Work I’ll probably never bother doing anything with again so I’m granting it a resting place here

  • watch this space, I need to tidy up my folders

Work

(Work, work)

Background / focus

My main research is on what it is to trust people, and why trust feels weighty to us - why it’s a big deal if someone betrays your trust, and how the hydraulics of trust motivates a lot of what we do. I’m interested in what makes us tick as social animals who can be impacted emotionally by others (and our own) actions. Looking at the essence of trust has been a way into figuring out ultimately what shapes society and people’s behaviour in it. My hunch is that by figuring that stuff out you can make better communities where people’s needs aren’t ignored, so they’re not seduced by power-hungry types who don’t mind exploiting the collective itch for a harvest festival sacrifice of the weak / vulnerable / different.

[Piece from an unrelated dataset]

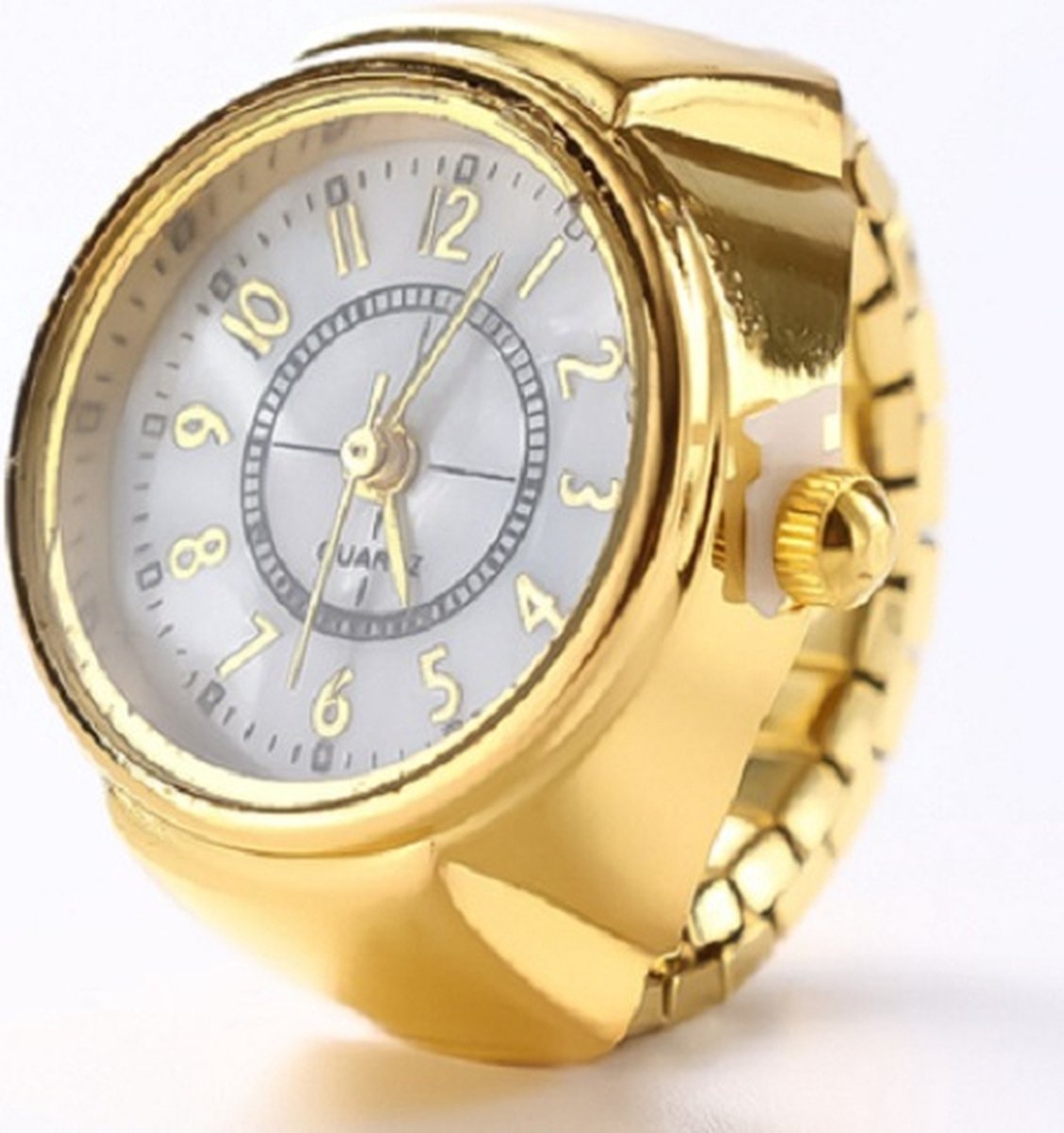 Ring horloge rekbaar goudkleurig - wit - 2 cm dial - one size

My training / disciplinary background is philosophy, so I do philosophy as my way of figuring that stuff out. That means I try to make a clearer, more logically consistent picture of some question or puzzle which starts off murky / hazy; typically a question you can’t answer (at least not while sitting down) by going out and doing a bunch of data collection / experiments. I think of philosophy as like a game of being a pest controller / exterminator of cognitive dissonance. You hunt down and get rid of incompatible ideas or connections between concepts, as a way to increased understanding. But you hunt according to a rulebook of logic so you end up actually mapping the world out, rather than making shit up or just retreating off to a blissful mental spa weekend of endless confirmation bias.

I also try to take as big a dredging net for hoovering up ideas I can chew on to help me figure this stuff out, and I draw on anything interesting from other disciplines and the world around us. Partly because reading philosophy I often find a bit boring (with little pay-off for the time spent reading it except ‘I think I get what this is saying’) and reading about the actual world is more imagination and curiosity stoking. I worry analytic philosophy (which is all about clarifying concepts and argument construction) can easily (and has) become a bit of a stagnant pond / closed gene pool with too many of the same alleles bobbing up over and over again, because of its puritanical auto-erotic rigour fetishism, which can end up selecting more for the performance of insight-generation than actual insight.